The U.S. Geological Survey (USGS) has also studied the groundwater flow system near the MMR to characterize a contaminant plume and evaluate local and regional water-supply issues. LeBlanc [1984] provided the first detailed evaluation of the transport of the contaminant plume downgradient of the sewage treatment facility at the MMR. Guswa and LeBlanc [1985] provided an analysis of groundwater flow at Cape Cod. Barlow and Hess [1993] provided a detailed analysis of the ground-water/surface-water interactions and the effects of pumping on streamflow south of the MMR. Masterson and Barlow [1994] updated the investigation of Guswa and LeBlanc [1985] by evaluating the regional effects of changing pumping and recharge conditions on the groundwater flow system at Cape Cod. Although numerous investigations have been conducted by the National Guard Bureau’s IRP and the USGS near the MMR, the results of these investigations have not been directly applicable to the issue of regional groundwater contamination near the MMR. The issues that still remain unanswered include: (i) the path of plumes from contaminant sources on the MMR; (ii) the critical hydraulic properties that affect groundwater flow and contaminant migration; and, (iii) the effect of water-supply development and groundwater remediation schemes on groundwater flow and contaminant migration.

In 1992, the USGS, in cooperation with the National Guard Bureau, began a study to synthesize the existing hydrogeologic data to help develop an understanding of the hydrogeologic controls on the regional groundwater flow and contaminant transport near the MMR. As part of that study, a steady state, three-dimensional ground-water-flow model was developed on the basis of a detailed characterization of regional hydrogeologic trends in the glacial sediments of western Cape Cod.
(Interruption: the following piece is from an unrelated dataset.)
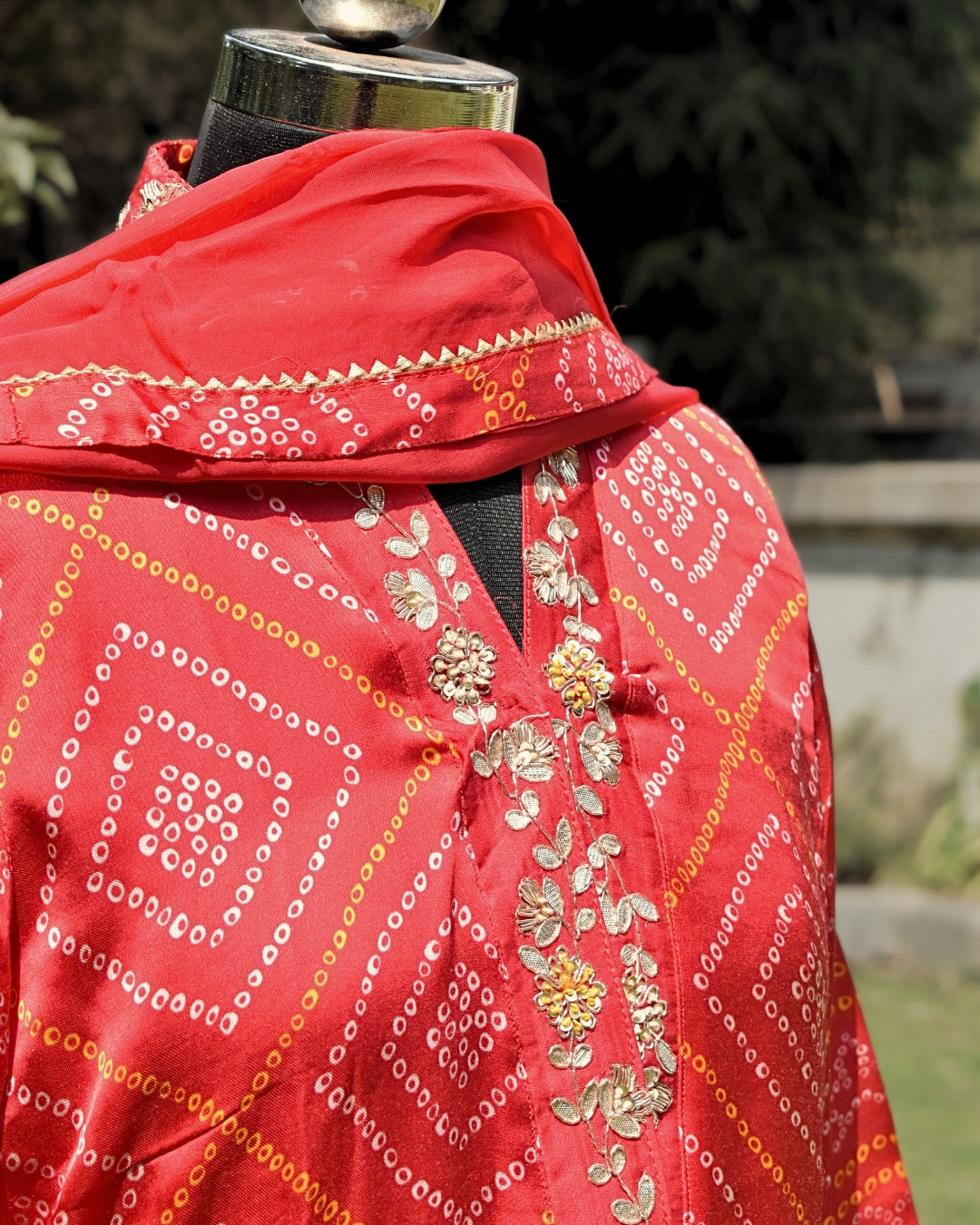 Red gaji silk Bandhni dress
The initial framework of the new model was based on the existing West Cape model [Masterson and Barlow, 1994]. The new model was calibrated to historical contaminant migration data, water-level measurements, and stream flow.

A more recent report [Masterson, et al, 1996], presented the results of an analysis of the effects of simulated hydrogeologic conditions on groundwater flow and contaminant migration from suspected source areas on the MMR. Contaminant flow paths were calculated by particle tracking analysis. Based on this approach, an evaluation of the effects of simulated changes in hydrologic boundaries, such as ponds and streams, and hydrologic stresses, such as pumping and recharge, on groundwater flow pathways were made. This approach was later used for other source areas to evaluate contaminant migration pathways at the site. Since only particle tracking analysis was used in these studies, it cannot provide convincing conclusions for the evaluation of contaminant migration pathways at the MMR site. Particle tracking analysis, which is based on the advective component of the transport process, does not account for the dispersive and geochemical transport component. Advective transport component is only one of the several important transport processes, which may influence migration of contaminants in the subsurface.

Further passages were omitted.